On December 12, 2019 the National Committee on American Foreign Policy hosted a delegation of distinguished leaders from the Western Balkans organized by the Nizami Ganjavi International Center. The group gathered to discuss how the Balkans now rests at a crossroads, and what the future of Euroatlantic integration might look like in the near term.
The leaders from the Balkans began by discussing the history of their region, in which people from different religions and ethnic backgrounds lived together in relative peace for many centuries under several European and Eurasian imperial powers. The world wars of the twentieth century disrupted the regional order, but relative peace was restored during the Yugoslav period after World War II. However, after the dismantling of Yugoslavia, nationalism and fragmentation generated ethnic and religious conflicts. This attracted the attention of Europe and the United States, and the U.S. played a major role in forging the Dayton Accords under the inspired leadership of Ambassador Richard Holbrooke.

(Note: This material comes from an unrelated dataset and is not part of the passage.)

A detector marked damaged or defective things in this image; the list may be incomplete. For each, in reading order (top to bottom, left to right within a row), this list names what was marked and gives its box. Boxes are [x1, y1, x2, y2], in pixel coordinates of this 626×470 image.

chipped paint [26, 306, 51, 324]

Today, however, attention of the United States and the European Union on the region has waned, and the Western Balkan participants stressed the critical need for renewed attention from the United States and the European Union. They shared that outside influence from actors such as Russia and China is now playing an outsized role in the politics and economics of many countries—with China, in particular, gaining a strong hand with infrastructure investment. One participant lamented the once-great attention paid by the United States and Europe, writ large, on the Balkan Peninsula, citing their focus on post-Yugoslav state-building, wars, and reconciliation. This period now seems forgotten, however, as promises to Balkan nations have been made and broken with no recourse.

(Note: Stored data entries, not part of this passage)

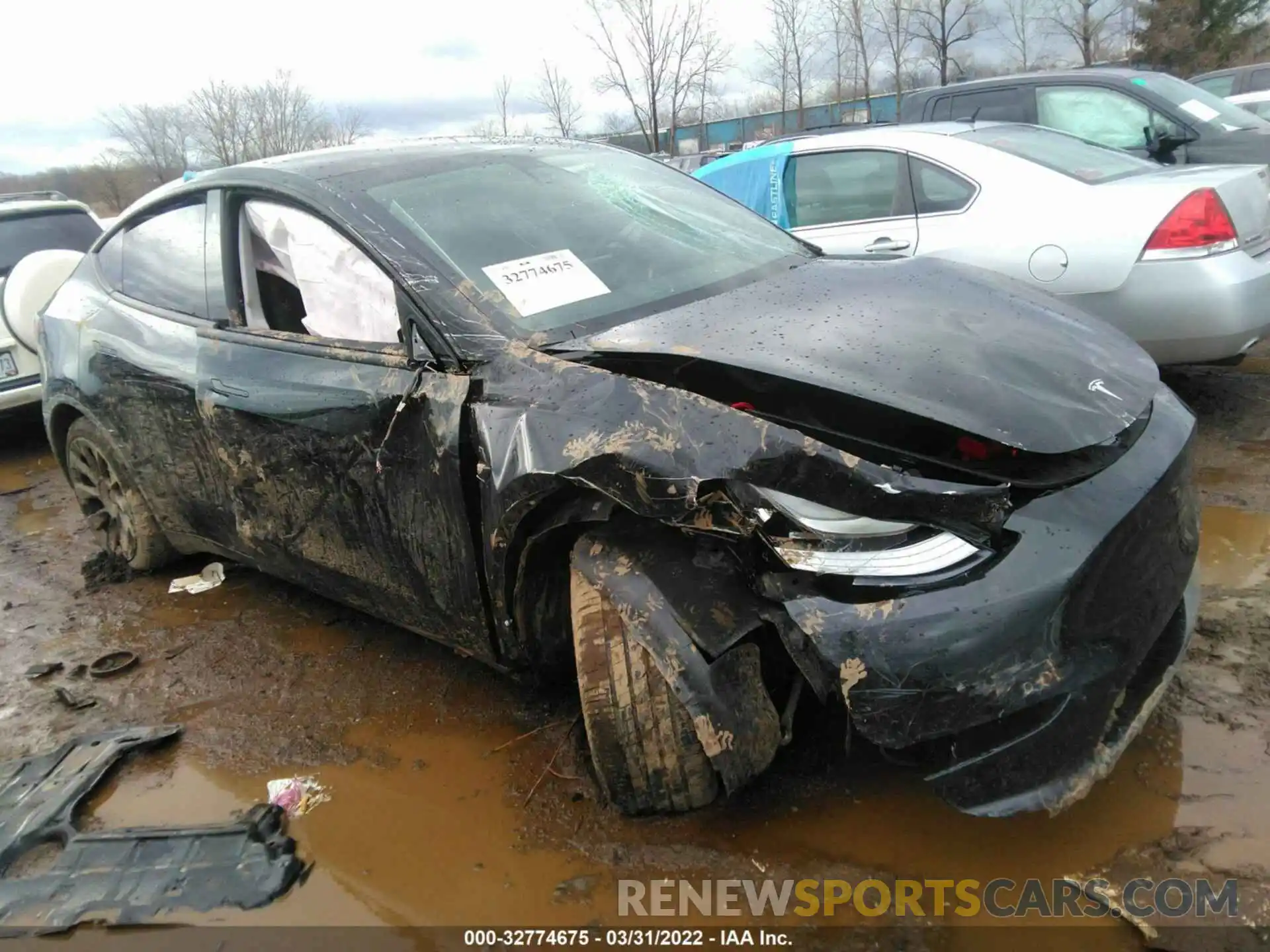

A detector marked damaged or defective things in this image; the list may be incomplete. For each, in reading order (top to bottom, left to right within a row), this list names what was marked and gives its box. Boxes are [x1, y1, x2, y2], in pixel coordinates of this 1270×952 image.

damaged black tesla model y [34, 139, 1193, 822]
broken headlight [751, 487, 980, 578]
exposed headlight assembly [751, 487, 980, 578]
torn plastic fender liner [573, 525, 782, 792]
torn plastic fender liner [0, 726, 304, 934]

There was also a general air of pessimism throughout the region resulting from French President Emmanuel Macron’s veto of further European Union expansion in response to North Macedonia and Albania’s overtures to join. They viewed his remarks as a crushing blow to the aspirations of many others in the region. Participants shared their belief that the European Union had lost a great deal of credibility by failing to open accession talks with North Macedonia and Albania.
Responding to a question about the role of Islamic-majority nations on the Balkans, one participant noted that, while some cultural affinity exists given the large Muslim population of the region, nations such as Turkey are simply filling a void. Alongside Russia and China, other powers will seek to exert influence where they can in their near-neighborhood. Yes, the Islamic connection is important, but exerting influence on the balance of power is imperative for external actors in the Balkans.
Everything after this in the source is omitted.